There will be coffee/tea served during the day, but participants will have to buy lunch themselves.
The workshop is in-person participation only (no online participation is possible). Participation is free, but registration is required. Please register here - registration deadline is August 18, 2024, at midnight CET.
Venue: Meeting room M2, Building 1427 (room 246), Fredrik Nielsens Vej 2, 8000 Aarhus C
Time | Presentation | Speaker |
---|---|---|
8:30-9:00 | Registration and refreshments | |
9:00-9:10 | Setting the Agenda for the Day | Network Investigators Cat Lester & Kate Egan |
9:10-9:30 | Introduction to the Recreational Fear Lab and Interdisciplinary Recreational Fear Research | Lab Directors Marc Andersen & Mathias Clasen |
9:30-10:30 | Keynote: Children's Risky Play: When Play Is Scary and Fun at the Same Time | Ellen Sandseter |
10:30-11:15 | Youth and Horror Network Findings: Introduction to Into Film + “That's how I found out there was no Santa Claus”: Gremlins, Censorship and Intergenerational Audiences | Michael Prescott and Steve Ryder (Into Film), Cat Lester and Kate Egan |
11:15-11:30 | Break | |
11:30-12:15 | "How I Met Your Monster": Encountering Horror through Products and Play in 1970s Children's Culture | Simon Brown |
12:15-13:00 | Why Bad Taste is Good for Kids: Bourdieu, Horror and the Limits of Childhood as a Liminal Class | Sarah Cleary |
13:00-14:00 | Lunch | |
14:00-14:45 | "Zoinks! Zombies!": Learning the Language of Horror through TV Cartoons | Stacey Abbott |
14:45-15:30 | Gothic Traditions in My Little Pony and the 2010 Generation: Friendship is Magic | Ewan Kirkland |
15:30-16:00 | Break | |
16:00-16:45 | In the Two Minutes Before You Go to Sleep: Children and Adolescents’ Responses to Horror and Horror Film | G. Neil Martin |
16:45-18:00 | Roundtable & Wine Reception | All speakers |
Dr Catherine Lester is Associate Professor of Film and Television at the University of Birmingham. Her research centres on the intersections between children’s culture, the horror genre and cult media with a particular focus on horror films and television made for children in Britain and the US. Her key publications in this area include the monograph Horror Films for Children: Fear and Pleasure in American Cinema (Bloomsbury 2021) and the edited collection Watership Down: Perspectives on and Beyond Animated Violence (Bloomsbury 2023).
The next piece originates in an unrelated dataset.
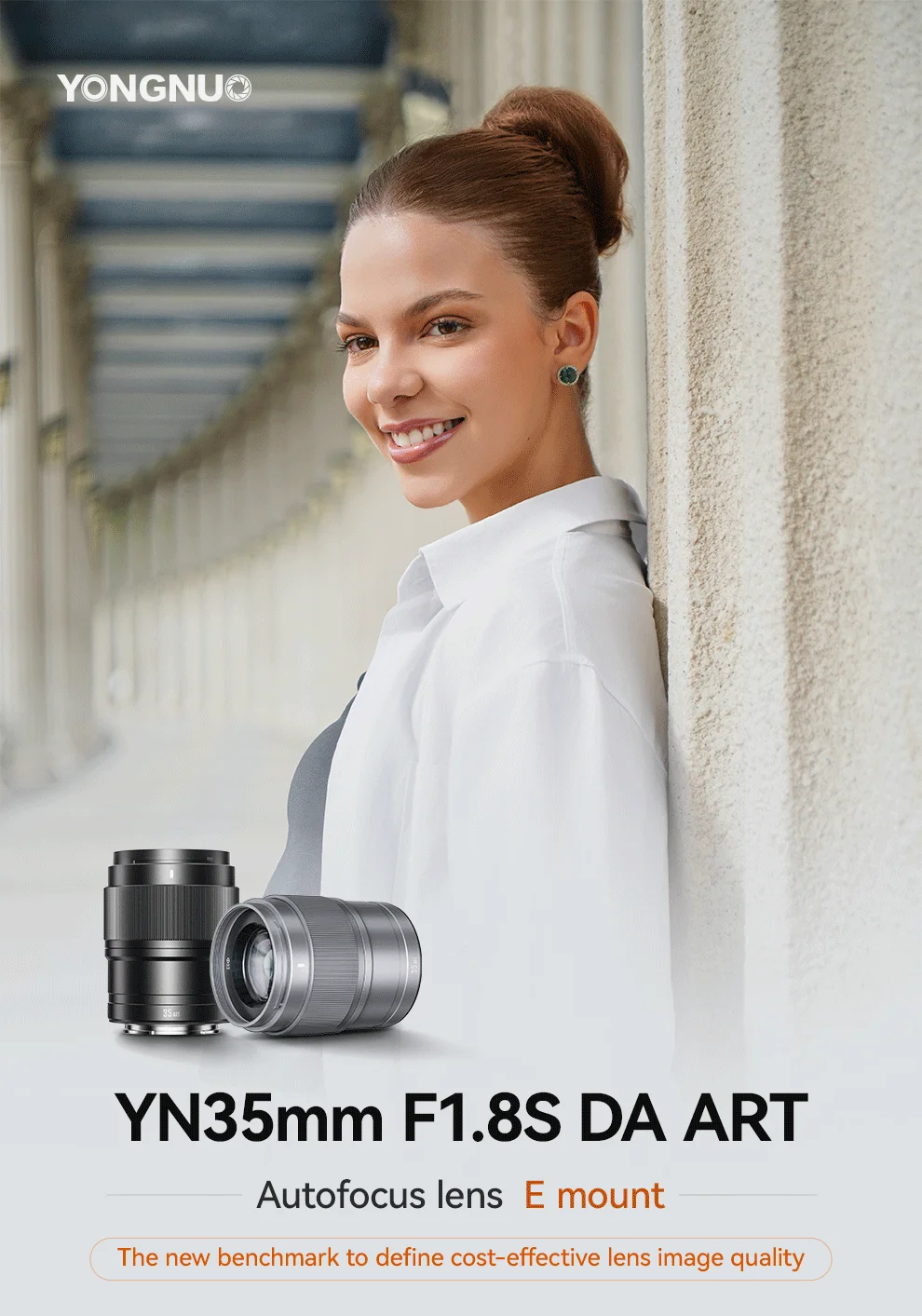 YONGNUO YN35mm F1.8S DA Art E-Mount objectif de mise au point automatique rapide silencieux grande ouverture pour appareils photo sans miroir Sony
Dr Kate Egan is Assistant Professor in Film and Media at Northumbria University, and a member of Northumbria’s Horror Studies Research Group. Kate is the author of Trash or Treasure? Censorship and the Changing Meanings of the Video Nasties (2007), Cultographies: The Evil Dead (2011), and (with Martin Barker, Tom Philips and Sarah Ralph) Alien Audiences (2016). She is also co-editor (with Shellie McMurdo and Laura Mee) of the Hidden Horror Histories book series (Liverpool University Press) and is currently developing further research on audience memories of horror cinema and television. This includes a monograph, Remembering Ghostwatch: Horror, Childhood and the Home and (with James Rendell) an edited collection, Researching Horror Fans and Audiences in the Twenty-First Century.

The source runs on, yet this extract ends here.